In 2010, there were 10,258 employees working in Greeting Card Publishing (NAICS 511191) establishments, a number which has been up and down over the course of the decade. There was an anomalous peak in 2017 of 21,467, but declined again the following year to 13,690. It’s perhaps easy to think of greeting cards as fairly quaint in this age social media (aren’t we more likely to get a happy birthday message on Facebook than a printed card?), but printed greeting cards are still big business. Says the Greeting Card Association:

  • Americans purchase approximately 6.5 billion greeting cards each year. Annual retail sales of greeting cards are estimated between $7 and $8 billion.
  • Nine out of every ten households buy greeting cards each year.
  • USPS reported that greeting card mail volume has increased last year, for the fourth year in a row (USPS Household Diary Study).

And, to our point here, “Hundreds of new card companies are launched each year, with Millennial ‘Makers’ forming most new card companies.” Digital technologies have made greeting card design and production easier than ever, and we have even run into a few artisans who have even picked up a letterpress press and started a boutique card production facility in a garage. These numbers obviously don’t include the pandemic year, but printed mail and greetings cards were ways that people stayed connected during lockdown. So it will be interesting to see those demographics in a few years.

These counts are based on data from the Census Bureau’s County Business Patterns. Every other week, we update these data series with the latest figures. These counts are broken down by printing business classification (based on NAICS, the North American Industrial Classification System). We have one more publishing category to go before we turn to packagers and converters:

  • 511199 All Other Publishers

For some of these categories, we will also supplement County Business Patterns data with Nonemployer Statistics, which counts freelancers.

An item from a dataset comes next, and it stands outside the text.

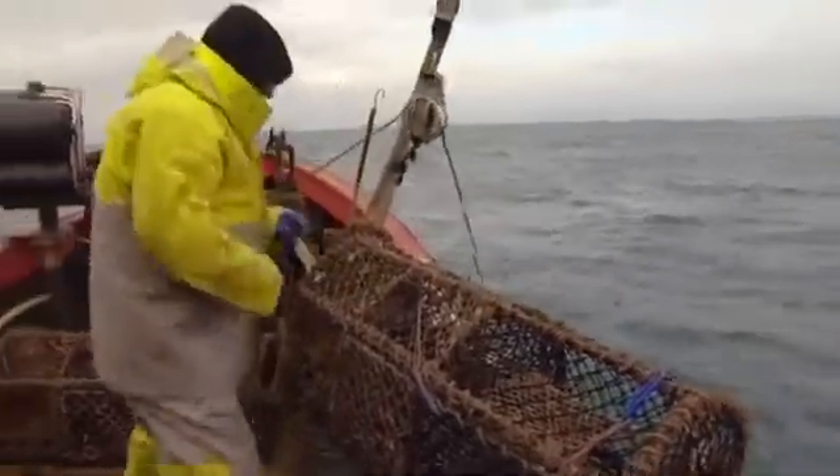It's going to come anyway. We've got to have a fully documented fishery. And I think it's good to get in at this end of the game rather than be at the other end of the game having things imposed upon us.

These data, and the overarching year-to-year trends, like other demographic data, can be used not only for business planning and forecasting, but also sales and marketing resource allocation.

This Macro Moment

Well maybe not entirely macro. Anyway, as we started thinking about and planning for the fall trade events, we came across, via Calculated Risk, some interesting data: Las Vegas visitor traffic. From the Las Vegas Visitor Authority:

The upward trajectory of tourism indicators continued in May as the destination welcomed nearly 2.9M visitors, + 11.8% MoM and down roughly -22% vs. May 2019.

Hotel occupancy reached nearly 71%, up 5.3 pts MoM, as Weekend occupancy approached 88%, coming within 8.6 pts of May 2019 levels. Midweek occupancy saw gains as well, reaching 62.8%, up 4.9 pts MoM and down 25.3 pts vs. May 2019.

There has been no convention traffic since March 2020, so convention traffic is down 100% from May 2019. However, Las Vegas has reopened to conventions in June, so look for convention traffic to rise substantially. (In all fairness, though, COVID is probably not the worst thing you can catch in Vegas.)

More signs that we are slowly but surely getting back to normal.